There's no copyright on plots, but nicking a good one can still have consequences... Jacob Finch Bonner is about to be massively inconvenienced.

This is a slow paced thriller that didn't quite manage to build enough claustrophobic dread and tension to make it worth my while.

Also the premise relies on "The Plot" in question being truly original and mind blowing, and when it was revealed what this truly stupendous plot that no one else could possibly have thought of was, it was disappointing.

(Short of writing a new Agatha Christie novel, the "twist" was never going to be satisfying after all that foreshadowing.)

I picked up The Plot after it was billed to me as a "meta mystery" (my cup of tea entirely.) We certainly get a story within a story, some commentary on the stealing of ideas and who gets to tell what stories, and a reasonable central mystery.

The investigative part of the book was linear and improbable, relying almost entirely on coincidence and chance. And yet, I was content to come along for the ride.

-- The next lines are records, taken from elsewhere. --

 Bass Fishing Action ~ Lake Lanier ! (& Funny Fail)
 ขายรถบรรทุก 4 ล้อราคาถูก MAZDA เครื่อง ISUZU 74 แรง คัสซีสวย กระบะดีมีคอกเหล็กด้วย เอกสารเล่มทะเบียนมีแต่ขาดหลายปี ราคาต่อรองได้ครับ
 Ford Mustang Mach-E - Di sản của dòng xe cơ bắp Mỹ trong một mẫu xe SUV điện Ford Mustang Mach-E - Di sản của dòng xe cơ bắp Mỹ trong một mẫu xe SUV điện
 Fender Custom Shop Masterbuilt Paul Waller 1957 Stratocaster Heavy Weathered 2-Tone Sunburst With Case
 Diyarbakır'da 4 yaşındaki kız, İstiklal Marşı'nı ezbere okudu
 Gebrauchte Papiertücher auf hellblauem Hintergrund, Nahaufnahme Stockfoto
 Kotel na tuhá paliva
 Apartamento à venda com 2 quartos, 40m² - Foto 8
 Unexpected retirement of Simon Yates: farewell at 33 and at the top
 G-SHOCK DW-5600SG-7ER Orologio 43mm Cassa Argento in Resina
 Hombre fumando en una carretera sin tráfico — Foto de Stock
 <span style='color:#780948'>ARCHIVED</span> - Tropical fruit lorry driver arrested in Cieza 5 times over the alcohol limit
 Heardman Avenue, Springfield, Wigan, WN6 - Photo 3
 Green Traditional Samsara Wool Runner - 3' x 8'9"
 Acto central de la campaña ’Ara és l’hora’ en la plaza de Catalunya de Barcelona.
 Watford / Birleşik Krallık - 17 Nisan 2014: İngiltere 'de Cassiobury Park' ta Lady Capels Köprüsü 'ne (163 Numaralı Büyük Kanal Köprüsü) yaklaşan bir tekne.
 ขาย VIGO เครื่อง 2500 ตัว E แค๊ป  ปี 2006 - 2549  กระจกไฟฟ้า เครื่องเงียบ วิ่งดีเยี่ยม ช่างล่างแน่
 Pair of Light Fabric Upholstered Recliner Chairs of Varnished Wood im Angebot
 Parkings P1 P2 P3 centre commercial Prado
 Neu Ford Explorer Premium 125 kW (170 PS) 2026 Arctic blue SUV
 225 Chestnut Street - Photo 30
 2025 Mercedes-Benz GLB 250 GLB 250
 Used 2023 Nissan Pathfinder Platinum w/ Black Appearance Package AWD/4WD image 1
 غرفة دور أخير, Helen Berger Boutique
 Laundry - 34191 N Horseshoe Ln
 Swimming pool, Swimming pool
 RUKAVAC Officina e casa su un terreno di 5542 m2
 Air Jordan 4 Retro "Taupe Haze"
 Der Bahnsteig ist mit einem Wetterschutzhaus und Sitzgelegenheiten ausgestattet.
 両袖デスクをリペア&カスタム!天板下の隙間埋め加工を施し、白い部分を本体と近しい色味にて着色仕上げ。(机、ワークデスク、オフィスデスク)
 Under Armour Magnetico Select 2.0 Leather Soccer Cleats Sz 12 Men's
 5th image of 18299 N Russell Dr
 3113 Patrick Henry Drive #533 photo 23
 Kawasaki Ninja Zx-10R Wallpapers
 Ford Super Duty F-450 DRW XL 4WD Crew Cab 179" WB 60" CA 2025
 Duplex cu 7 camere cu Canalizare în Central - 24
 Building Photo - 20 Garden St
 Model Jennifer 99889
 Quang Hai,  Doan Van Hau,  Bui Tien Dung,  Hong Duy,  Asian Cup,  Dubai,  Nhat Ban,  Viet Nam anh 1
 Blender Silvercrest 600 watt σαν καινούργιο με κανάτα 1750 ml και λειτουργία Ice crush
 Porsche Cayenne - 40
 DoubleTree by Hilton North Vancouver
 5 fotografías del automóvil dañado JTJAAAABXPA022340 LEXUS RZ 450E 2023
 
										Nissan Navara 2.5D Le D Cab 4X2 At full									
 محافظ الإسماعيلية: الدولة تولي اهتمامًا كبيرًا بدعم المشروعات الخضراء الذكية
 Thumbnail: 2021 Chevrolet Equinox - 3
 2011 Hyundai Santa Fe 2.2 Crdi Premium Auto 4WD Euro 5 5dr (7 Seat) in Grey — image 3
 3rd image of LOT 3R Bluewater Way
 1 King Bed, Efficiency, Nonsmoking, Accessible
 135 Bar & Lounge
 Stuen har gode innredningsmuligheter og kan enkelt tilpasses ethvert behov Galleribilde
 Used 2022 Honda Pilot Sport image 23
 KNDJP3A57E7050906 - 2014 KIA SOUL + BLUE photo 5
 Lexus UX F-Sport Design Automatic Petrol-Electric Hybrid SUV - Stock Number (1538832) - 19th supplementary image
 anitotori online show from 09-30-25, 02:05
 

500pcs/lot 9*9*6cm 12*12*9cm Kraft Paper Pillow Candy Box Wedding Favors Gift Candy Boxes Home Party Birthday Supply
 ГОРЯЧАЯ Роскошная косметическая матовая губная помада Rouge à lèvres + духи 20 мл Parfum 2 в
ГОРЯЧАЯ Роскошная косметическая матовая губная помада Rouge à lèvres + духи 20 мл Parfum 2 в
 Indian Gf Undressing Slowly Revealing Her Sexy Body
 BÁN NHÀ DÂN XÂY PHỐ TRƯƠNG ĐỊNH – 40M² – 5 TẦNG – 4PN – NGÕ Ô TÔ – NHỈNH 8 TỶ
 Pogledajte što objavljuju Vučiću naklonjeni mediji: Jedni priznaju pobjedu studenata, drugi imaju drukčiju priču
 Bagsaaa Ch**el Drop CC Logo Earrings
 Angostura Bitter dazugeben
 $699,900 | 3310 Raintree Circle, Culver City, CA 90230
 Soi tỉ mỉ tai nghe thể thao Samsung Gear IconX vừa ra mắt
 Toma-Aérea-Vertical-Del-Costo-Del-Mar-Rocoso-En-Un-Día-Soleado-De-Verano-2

The ending was not unpredictable (to use a double negative), but there was one thing about it that I didn't expect. I won't spoil it, but when I put the book down, my response was "gahhh".

Not a bad read, but... unsatisfying in a couple of ways.

Will I read The Sequel? I'm not sure. DO NOT read the blurb for The Sequel before reading The Plot. It will spoil it. You have been warned!

Stayed up late to finish this one. I guessed the twist at the end and it was satisfying to confirm my suspicions.

This was pretty good and I read it quickly. I guessed the final twist very early on. The structure was clever.
dark mysterious tense medium-paced
Plot or Character Driven: A mix
Strong character development: Complicated
Loveable characters: Complicated
Diverse cast of characters: No
Flaws of characters a main focus: Complicated

A propulsively fun read, IMO, and then I was tickled to listen to the accompanying Pop Culture Women podcast interview with Korelitz.

So unbelievably predictable. But it was fun.